The Girl Scouts of the USA is suing the Boy Scouts of America for their plans to drop the word “Boy” from their name in 2019. The complaint the Girl Scouts filed stated that the Boy Scouts do not have the right to use "scouts" or "scouting,” and the Girl Scouts brand and their programs will be damaged if the Boy Scouts follow through with their plans. It also asserted, "Only GSUSA has the right to use the Girl Scouts and Scouts trademarks with leadership development services for girls.”
The lawsuit stated:
Throughout GSUSA’s history, it has coexisted with defendant BSA, which has long offered programs aimed at boys under the BOY SCOUTS trademark. Like the GIRL SCOUTS trademark, the BOY SCOUTS trademark is a symbol of youth development programs that, for more than a century, have been aimed at, led by and developed primarily for boys. Thus, even though both GSUSA and BSA use the term SCOUTS as part of their core trademarks, the organizations are distinct, with one offering leadership programming developed for and aimed at girls, and the other offering programming developed for and aimed at boys.
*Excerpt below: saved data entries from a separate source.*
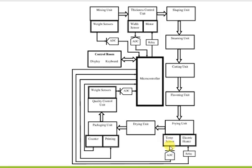A temperature sensor is used to control temperature. There is also a temperature sensor on the other side. For the steaming unit, an electric heater is used. The temperature sensor output is an analog signal, which goes through an ADC — analog to digital converter — and the microcontroller reads the temperature.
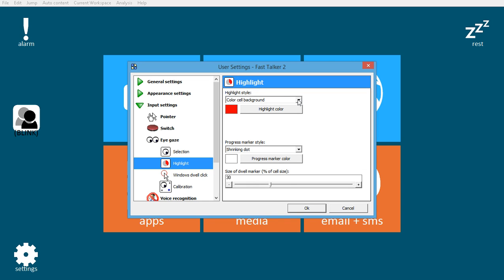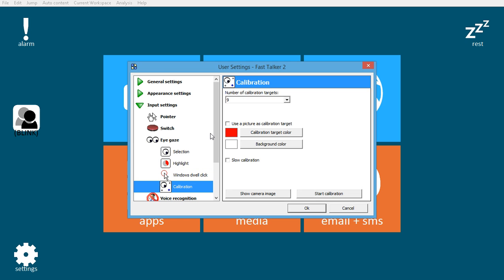Right now we'll be using dwell with a color cell background as well as a shrinking dot progress marker taking up 30% of the cell size, and then a nine-point calibration.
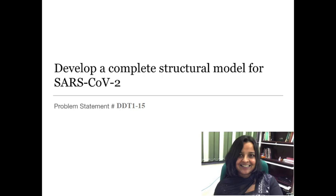Hello and welcome. In this video, I'll describe to you the problem set of how to develop a complete structural model for SARS-CoV-2.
However, that core gender distinction between the two organizations and their use of the term SCOUTS and variations thereof has been altered by BSA’s recent decision to offer all of its services to both boys and girls of all ages for the first time in its long history. Indeed, even though GSUSA and BSA have Congressional charters and separate grants of intellectual roperty rights that are specific to girls and boys, respectively, BSA is now using its trademarks in a manner that is both new and uniquely damaging to GSUSA, its trademarks and their underlying goodwill. In particular, given its significant programming shift, BSA is now trying to alter its core brand identity from BOY SCOUTS to SCOUTS, through the use of communicative elements like the slogan “Scout Me In” and the new name by which it will refer to its best known Boy Scout program – “Scouts BSA” with members being called “Scouts.”
The lawsuit added, “Since BSA’s announcement that it would admit girls to its core programs, GSUSA’s fears about the damage that would be caused to its trademarks and the mission those trademarks symbolize have been realized. Throughout the country, families, schools and communities have been told that GSUSA and BSA have merged, or even that GSUSA no longer exists. Parents interested in signing up for GIRL SCOUTS programs have instead mistakenly signed up for the new girls’ programs offered by BSA.”
In January 2017, The Boy Scouts of America said they would accept members based on their gender identity. The same year they announced girls could become Eagle Scouts. In May the organization said it was changing the program for children between the ages of 11 and 17 to Scouts USA.
Boy Scouts of America released a statement saying, "We applaud every organization that builds character and leadership in children, including the Girl Scouts of the USA, and believe that there is an opportunity for both organizations to serve girls and boys in our communities.”